A spoken language lexicon may be a component in a system, a system lexicon , or a background resource for wider use, a lexical database , in each case containing information about the pronunciation, the spelling, the syntactic usage, the meaning and specific pragmatic properties of words; lexica containing subsets of this information may also be referred to as spoken language lexica, though the simpler cases are often simply referred to as wordlists. Where there is little danger of confusion, the term spoken language lexicon will be used to refer indifferently to either a spoken language system lexicon or a spoken language lexical database. A lexical databse may be general purpose, or orientated towards specific tasks such as speech recognition or speech synthesis, and restricted to a specific scenario. For system development and evaluation it is generally critical to define an agreed word-list with a well-defined notion of word (e.g. a fully inflected word form), and an associated complete and consistent pronunciation dictionary for grapheme-phoneme conversion and language model construction (see Chapter 7).
A spoken language lexicon is defined as a list of representations of lexical entries consisting of spoken word forms paired with their other lexical properties such as spelling, pronunciation, part of speech (POS), meaning and usage information, in such a way as to optimise lookup of any or all of these properties. This definition covers a wide range of specific types of spoken language lexicon, . At the one end of the spectrum are lists in which orthography provides a more or less indirect representation of a spoken word form pronunciation augmented by tabular pronunciation dictionaries and conversion rules. At the other end are declarative knowledge bases with attribute-value matrix representation formalisms and inheritance hierarchies with associated inference machines, by means of which details of lexical information are inferred from specific premises (entries) about individual lexical items and general premises (rules) about the structure of lexical items. Between these extremes are optimised representations such as those discussed in Chapter 7, and other application directed special lexicon types based, for instance, on the different requirements for pronunciation tables for speech recognisers and for speech synthesisers.

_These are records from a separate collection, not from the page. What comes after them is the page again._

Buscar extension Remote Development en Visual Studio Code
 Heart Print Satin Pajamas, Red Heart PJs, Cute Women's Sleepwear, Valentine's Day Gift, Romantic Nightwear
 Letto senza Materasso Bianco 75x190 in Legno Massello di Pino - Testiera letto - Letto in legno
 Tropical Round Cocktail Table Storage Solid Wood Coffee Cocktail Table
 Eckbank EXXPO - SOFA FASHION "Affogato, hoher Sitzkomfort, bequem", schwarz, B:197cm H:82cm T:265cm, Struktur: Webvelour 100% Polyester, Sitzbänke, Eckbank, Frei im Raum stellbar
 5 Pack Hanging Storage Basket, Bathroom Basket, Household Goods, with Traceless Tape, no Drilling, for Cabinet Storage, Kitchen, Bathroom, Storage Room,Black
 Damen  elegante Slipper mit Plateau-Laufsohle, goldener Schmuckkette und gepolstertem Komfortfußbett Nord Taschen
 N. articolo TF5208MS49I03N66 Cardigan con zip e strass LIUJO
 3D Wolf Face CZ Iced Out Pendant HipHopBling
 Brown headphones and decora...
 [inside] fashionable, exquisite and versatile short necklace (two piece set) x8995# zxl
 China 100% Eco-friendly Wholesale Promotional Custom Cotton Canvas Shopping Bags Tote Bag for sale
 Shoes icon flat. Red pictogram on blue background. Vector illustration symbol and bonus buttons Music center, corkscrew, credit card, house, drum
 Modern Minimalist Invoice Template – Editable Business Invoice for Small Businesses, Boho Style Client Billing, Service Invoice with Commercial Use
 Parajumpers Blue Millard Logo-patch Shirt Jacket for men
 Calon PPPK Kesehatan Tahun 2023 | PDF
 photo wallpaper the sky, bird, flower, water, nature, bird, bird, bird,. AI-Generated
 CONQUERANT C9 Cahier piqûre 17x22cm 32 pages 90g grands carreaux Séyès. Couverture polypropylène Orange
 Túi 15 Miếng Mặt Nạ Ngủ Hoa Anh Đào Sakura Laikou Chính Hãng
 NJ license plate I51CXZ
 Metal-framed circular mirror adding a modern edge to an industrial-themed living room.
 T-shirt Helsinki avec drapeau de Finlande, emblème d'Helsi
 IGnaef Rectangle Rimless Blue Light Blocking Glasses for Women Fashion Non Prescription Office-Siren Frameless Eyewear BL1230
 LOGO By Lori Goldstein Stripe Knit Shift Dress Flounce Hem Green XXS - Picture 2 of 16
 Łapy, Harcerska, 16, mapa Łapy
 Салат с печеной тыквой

Both in speech recognition and in speech synthesis, the different kinds of spoken language lexicon are generally orientated towards the forms of words rather than towards their distribution in larger text or utterance units, or their meaning and use in context. Furthermore, where possible closed sets of fully inflected words which are actually attested in corpora are preferred to the construction of words on morphological principles, though rule-based word construction is increasing in importance in projects concerned with highly inflecting languages or aimed at the recognition of spontaneous continuous speech in which out-of-vocabulary words or ad hoc coinages (nonce forms) are encountered. In addition to out-of-vocabulary words, systematic noise events may also require inventarisation in a lexical database.